Visualization

In this tutorial we're going to learn how to:

  • Read in data tables (the easy way!)
  • Select different samples from the data set
  • Make figures to visualize the data

Reading in data

Often, you will be given data in the form of an ASCII table. This table will have multiple rows that indicate a star, or a galaxy, or a particle in a simulation, and the columns indicate different properties for the object such as its ID, brightness, mass, or distance. Before we can select different samples of objects to study, we need to read in this data. There are many ways to do this in Python: numpy, pandas, and astropy are commonly used packages.

Let's first import these packages. Again, use CTRL-ENTER to execute each cell.


In [ ]:
import numpy as np
import pandas as pd
from astropy.io import ascii

Let's start with an example of reading in data into a Pandas DataFrame.

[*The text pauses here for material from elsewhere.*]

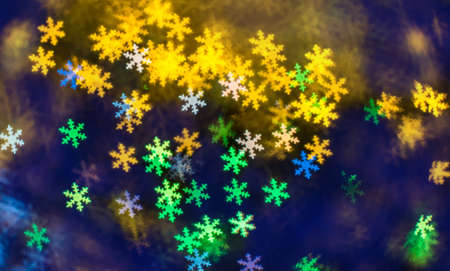 Abstract Christmas and new year bokeh background in the form of snowflakes in different colors on a...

Just as a numpy array is like a python list with extra super-powers, you can think of a Pandas DataFrame as an augmented numpy array with extra member functions to help you work with the data.

The data we will be using in this notebook should have been downloaded with the rest of the package into a "data" folder, so we use this for the file's location (e.g., your Downloads folder) in the next command. If the file isn't there, you'll get an error.


In [ ]:
data1=pd.read_csv('data/SNIa_DM.dat',delim_whitespace=True, skiprows=4)

Note that we had to tell Pandas to skip the first 4 rows (comments) and use white-space (spaces and tabs) to delimit the columns.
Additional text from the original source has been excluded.